Here is my website as it is now: www.bjornmartin.no
Here is my Muse file: WeTransfer
Also, please don't rip the font. I'm the only one with a copy and the license to use it.
This can’t work, because you are using a system font. System fonts have to be converted to an image during output to make sure, because nobody can be sure, that these fonts are installed on every visitor’s machine/device. Web design is not print design! You are not free in the choice of the fonts, you want to use.
To avoid converting font containers to images you have to use standard fonts or web fonts.
Because system fonts are converted to images, they obviously scale like images in responsive layouts according to the size of the browser window – that is, what happens in your sample site.
Please read my answer 4 in this thread for better understanding the issue: https://forums.adobe.com/thread/2357163
More information about web fonts in Muse:
By the way;: What the hell do you need a breakpoint at 7680 px for?
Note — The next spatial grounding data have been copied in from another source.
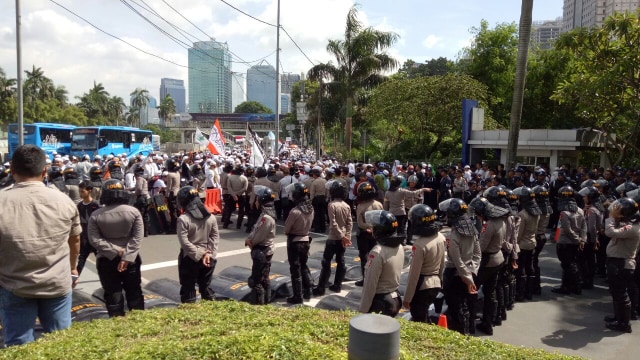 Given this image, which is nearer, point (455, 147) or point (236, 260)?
point (236, 260)

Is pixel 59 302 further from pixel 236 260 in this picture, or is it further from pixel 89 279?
pixel 236 260

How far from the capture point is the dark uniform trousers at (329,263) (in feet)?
25.5

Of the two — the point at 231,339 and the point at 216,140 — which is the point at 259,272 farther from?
the point at 216,140

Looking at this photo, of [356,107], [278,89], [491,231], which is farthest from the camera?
[356,107]

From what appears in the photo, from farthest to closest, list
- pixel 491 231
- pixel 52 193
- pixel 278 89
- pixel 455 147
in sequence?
pixel 455 147
pixel 278 89
pixel 491 231
pixel 52 193

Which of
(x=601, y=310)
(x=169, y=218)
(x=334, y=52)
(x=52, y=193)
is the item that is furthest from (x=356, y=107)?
(x=52, y=193)

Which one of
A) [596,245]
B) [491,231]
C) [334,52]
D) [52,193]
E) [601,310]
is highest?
[334,52]

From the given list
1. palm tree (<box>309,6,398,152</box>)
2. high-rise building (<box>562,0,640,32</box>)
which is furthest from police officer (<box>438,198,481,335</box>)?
high-rise building (<box>562,0,640,32</box>)

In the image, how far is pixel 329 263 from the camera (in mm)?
7758

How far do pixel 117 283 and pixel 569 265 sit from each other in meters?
7.01

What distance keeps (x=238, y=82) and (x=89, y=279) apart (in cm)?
2378

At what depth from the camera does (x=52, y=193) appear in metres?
3.65

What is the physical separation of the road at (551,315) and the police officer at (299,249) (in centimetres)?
33

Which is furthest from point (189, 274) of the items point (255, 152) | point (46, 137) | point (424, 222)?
point (46, 137)
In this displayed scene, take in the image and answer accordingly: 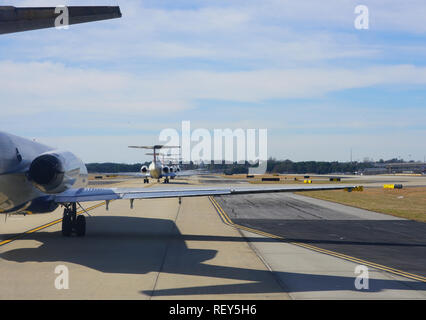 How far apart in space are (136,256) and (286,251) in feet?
17.0

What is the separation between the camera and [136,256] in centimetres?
1405

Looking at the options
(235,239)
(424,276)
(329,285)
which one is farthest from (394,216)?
(329,285)

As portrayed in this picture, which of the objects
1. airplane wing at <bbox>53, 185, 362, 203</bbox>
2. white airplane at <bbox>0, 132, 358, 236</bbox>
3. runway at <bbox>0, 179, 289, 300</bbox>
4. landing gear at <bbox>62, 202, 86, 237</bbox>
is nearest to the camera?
runway at <bbox>0, 179, 289, 300</bbox>

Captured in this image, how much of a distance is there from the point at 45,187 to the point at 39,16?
9140 millimetres

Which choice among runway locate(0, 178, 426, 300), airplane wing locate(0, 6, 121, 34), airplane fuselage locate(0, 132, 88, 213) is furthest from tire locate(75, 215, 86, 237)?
airplane wing locate(0, 6, 121, 34)

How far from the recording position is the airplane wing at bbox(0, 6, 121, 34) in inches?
298

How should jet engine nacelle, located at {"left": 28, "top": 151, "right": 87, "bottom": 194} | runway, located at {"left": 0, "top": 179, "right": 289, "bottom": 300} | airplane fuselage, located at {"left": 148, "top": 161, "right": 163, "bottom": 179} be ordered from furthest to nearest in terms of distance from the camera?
airplane fuselage, located at {"left": 148, "top": 161, "right": 163, "bottom": 179} < jet engine nacelle, located at {"left": 28, "top": 151, "right": 87, "bottom": 194} < runway, located at {"left": 0, "top": 179, "right": 289, "bottom": 300}

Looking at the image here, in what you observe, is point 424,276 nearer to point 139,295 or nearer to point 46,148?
point 139,295

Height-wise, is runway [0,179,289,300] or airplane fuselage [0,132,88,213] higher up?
airplane fuselage [0,132,88,213]

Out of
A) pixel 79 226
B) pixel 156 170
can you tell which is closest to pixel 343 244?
pixel 79 226

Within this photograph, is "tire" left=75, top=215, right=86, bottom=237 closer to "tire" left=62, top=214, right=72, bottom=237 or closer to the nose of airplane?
"tire" left=62, top=214, right=72, bottom=237

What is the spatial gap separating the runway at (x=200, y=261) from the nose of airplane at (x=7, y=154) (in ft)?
9.56

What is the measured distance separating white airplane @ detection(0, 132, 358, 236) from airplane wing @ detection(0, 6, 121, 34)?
678 cm

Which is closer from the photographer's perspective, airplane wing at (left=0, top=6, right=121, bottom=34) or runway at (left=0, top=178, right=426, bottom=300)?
airplane wing at (left=0, top=6, right=121, bottom=34) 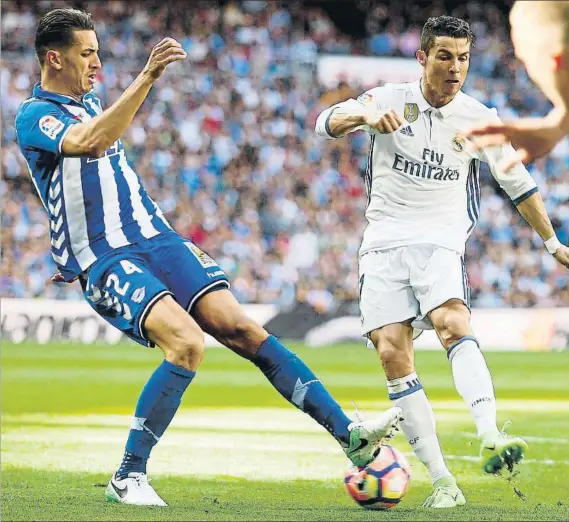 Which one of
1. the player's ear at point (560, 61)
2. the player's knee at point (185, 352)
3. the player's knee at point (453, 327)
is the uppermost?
the player's ear at point (560, 61)

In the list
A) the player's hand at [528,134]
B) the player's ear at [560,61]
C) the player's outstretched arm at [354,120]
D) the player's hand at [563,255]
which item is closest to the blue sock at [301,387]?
the player's outstretched arm at [354,120]

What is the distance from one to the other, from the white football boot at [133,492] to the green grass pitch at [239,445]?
98 millimetres

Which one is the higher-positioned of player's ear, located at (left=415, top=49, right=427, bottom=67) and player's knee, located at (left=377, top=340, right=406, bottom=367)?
player's ear, located at (left=415, top=49, right=427, bottom=67)

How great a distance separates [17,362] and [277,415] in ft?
22.9

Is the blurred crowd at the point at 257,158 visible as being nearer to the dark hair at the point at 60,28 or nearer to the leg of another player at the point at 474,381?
the dark hair at the point at 60,28

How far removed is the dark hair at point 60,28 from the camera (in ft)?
19.4

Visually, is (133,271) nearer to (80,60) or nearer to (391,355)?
(80,60)

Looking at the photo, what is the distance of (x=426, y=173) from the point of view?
6406 millimetres

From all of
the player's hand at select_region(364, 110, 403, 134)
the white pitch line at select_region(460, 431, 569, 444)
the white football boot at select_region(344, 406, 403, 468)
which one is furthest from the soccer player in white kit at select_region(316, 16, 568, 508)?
the white pitch line at select_region(460, 431, 569, 444)

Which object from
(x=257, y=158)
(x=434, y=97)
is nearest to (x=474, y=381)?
(x=434, y=97)

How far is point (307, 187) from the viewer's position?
2381cm

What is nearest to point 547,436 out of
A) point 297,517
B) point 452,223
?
point 452,223

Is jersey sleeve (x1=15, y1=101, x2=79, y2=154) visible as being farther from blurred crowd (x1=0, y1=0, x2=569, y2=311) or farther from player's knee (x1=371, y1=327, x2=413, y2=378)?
blurred crowd (x1=0, y1=0, x2=569, y2=311)

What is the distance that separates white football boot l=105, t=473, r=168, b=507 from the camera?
5641 mm
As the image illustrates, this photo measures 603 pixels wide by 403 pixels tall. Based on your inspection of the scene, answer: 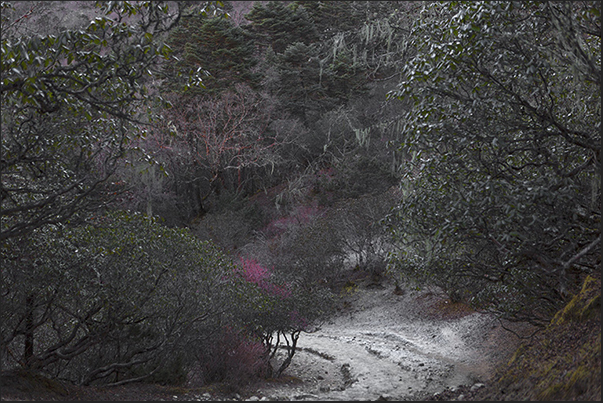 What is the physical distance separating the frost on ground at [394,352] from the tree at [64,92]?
15.6 feet

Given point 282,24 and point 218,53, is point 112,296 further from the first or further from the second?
point 282,24

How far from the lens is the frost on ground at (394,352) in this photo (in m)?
9.84

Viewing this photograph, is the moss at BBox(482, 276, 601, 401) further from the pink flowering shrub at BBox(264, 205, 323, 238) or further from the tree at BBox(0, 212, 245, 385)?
the pink flowering shrub at BBox(264, 205, 323, 238)

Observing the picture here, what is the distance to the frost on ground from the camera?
9844mm

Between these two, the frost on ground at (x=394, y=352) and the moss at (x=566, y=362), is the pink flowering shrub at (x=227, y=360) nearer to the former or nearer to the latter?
the frost on ground at (x=394, y=352)

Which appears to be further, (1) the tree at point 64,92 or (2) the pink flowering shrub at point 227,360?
(2) the pink flowering shrub at point 227,360

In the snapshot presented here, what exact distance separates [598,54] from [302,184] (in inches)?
854

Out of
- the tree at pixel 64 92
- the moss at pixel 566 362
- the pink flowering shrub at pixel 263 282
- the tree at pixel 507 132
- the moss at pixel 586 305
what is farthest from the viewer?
the pink flowering shrub at pixel 263 282

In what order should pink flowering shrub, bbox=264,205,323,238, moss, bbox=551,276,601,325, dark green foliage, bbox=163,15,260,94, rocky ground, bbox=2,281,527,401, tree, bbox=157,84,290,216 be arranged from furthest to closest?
dark green foliage, bbox=163,15,260,94, tree, bbox=157,84,290,216, pink flowering shrub, bbox=264,205,323,238, rocky ground, bbox=2,281,527,401, moss, bbox=551,276,601,325

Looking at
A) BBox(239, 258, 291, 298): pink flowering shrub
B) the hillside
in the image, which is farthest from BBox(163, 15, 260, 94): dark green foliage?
BBox(239, 258, 291, 298): pink flowering shrub

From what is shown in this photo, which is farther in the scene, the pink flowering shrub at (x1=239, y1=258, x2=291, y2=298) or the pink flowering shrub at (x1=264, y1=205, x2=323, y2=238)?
the pink flowering shrub at (x1=264, y1=205, x2=323, y2=238)

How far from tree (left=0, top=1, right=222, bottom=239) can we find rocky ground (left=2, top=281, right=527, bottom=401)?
2516mm

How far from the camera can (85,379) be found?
799 cm

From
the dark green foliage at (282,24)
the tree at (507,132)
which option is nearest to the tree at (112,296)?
the tree at (507,132) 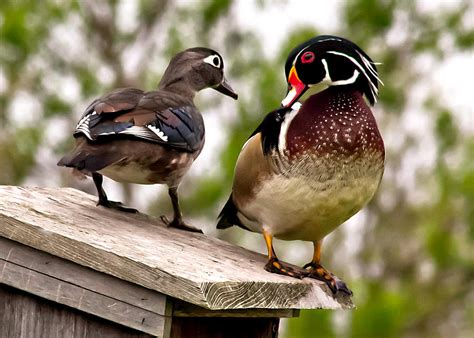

Are you using a screen with the dimensions of a soccer field?
Thanks for clarifying that. My guess was it would behave like a font, not like an image. Looks like I have to use a web font then. I forgot to change the resolution before saving. The idea was to start designing for 8K UHD and scale down, but I figured I could optimise the site for it later, when the resolution becomes more of a standard.
You should google „logical/physical resolution“!
Just imagine: If you place images in „8K“ resolution, it has roundabout 10 MB!